Dar es Salaam. Saudi Arabia and the United States of America may be thousands of kilometres away from Tanzania, but domestic happenings in the two countries could have a direct impact on the economy of the East African nation.

Recently, various international media outlets were awash with the information suggesting that the 50-year-old petrodollar agreement between Saudi Arabia and the US has not been renewed.

The matter has sparked heated debate across the world, with some respected American experts pointing out that there never was an agreement to that effect.

Whether it existed or not, the fact is that at a time when shortage of the dollar was making life difficult in Tanzania, oil importers are of the view that an end to the petrodollar agreement could potentially result in a decrease in global dollar demand and subsequent reduction in fuel prices.

"Saudi Arabia is one of the top three oil producers globally, alongside Russia and the US. If they choose to sell oil in another currency, it will still be beneficial for us because fuel prices will drop as the dollar's value decreases,” said Tanzania Association of Oil Marketing Companies (Taomac) executive director Raphael Mgaya.

Tanzania normally imports fuel on a monthly basis averaging $250 million through competitive tender from various countries.

"The fuel is imported through refineries from Middle East Countries including Saudi Arabia, Singapore and India which have crude oil," Mr Mgaya said.

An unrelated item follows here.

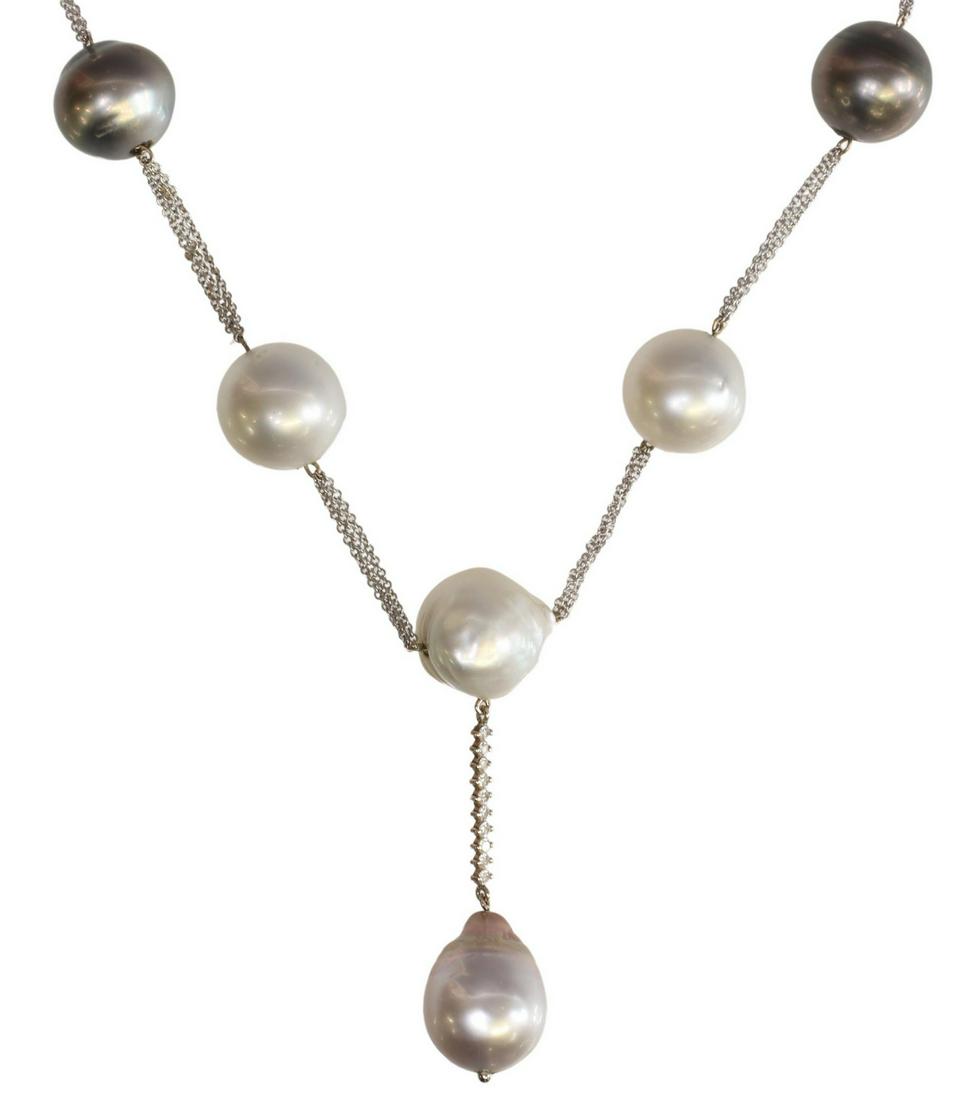ESTATE 14KT WG SOUTH SEA PEARL & DIAMOND NECKLACE: Estate 14kt white gold necklace, nine alternating Tahitian black and South Sea white round and baroque pearls, measuring approx 11.5 to 13.5 mm, spaced between sections of triple strands of fine chain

According to him, most local importers purchase from Middle East Countries and Singapore because they are closer to Tanzania than Venezuela whose cost of transportation is high.

However, he noted that they don't have the exact figure for Saudi Arabia because every tender at state country of origin is different.

The dollar availability challenge has persisted to the extent that importers, especially those of petroleum products, were increasingly adopting the euro.

However, the adoption is not without a cost as the euro remains an expensive option and with the dollar remaining the preferred vehicle currency, the international conversion rate still recognises it (the dollar).

Traders say they started adopting the euro after realising that it has been stable for a long time and that it is widely accepted.

Available data show that forex required for products to be sold in June, 2024 includes $86.7 million and 43.8 million euros from the official market, excluding dollars from the black market.

 “More than a third of the petroleum products imported in June were imported using the euro. This is also partly affecting fuel prices in the country,” Mr Mgaya said recently.

The Energy and Water Utilities Regulatory Authority (Ewura) said earlier this month that though global prices of petroleum products were going down, the impact in the local market was minimal due to the continuous use of the euro.

“Moreover, the changes in petroleum prices are attributed to the change in the exchange rate and a continuous use of the euro for the payment of imported petroleum products,” Ewura director general James Mwainyekule, said while announcing the cap prices for petroleum prices in Tanzania earlier this month.

The Bank of Tanzania (BoT) says that while the business community is slowly turning to the euro and other currencies, it remains expensive because the dollar is still recognized by the international conversion rate.

In early 2023, the government confirmed that the country was facing a dollar shortage, a crisis that has been affecting several nations in Africa.

Historical agreement

The original petrodollar agreement was signed on 8th June 1974 by US Secretary of State Henry Kissinger and Prince Fand Ibn Abdel Aziz of Saudi Arabia.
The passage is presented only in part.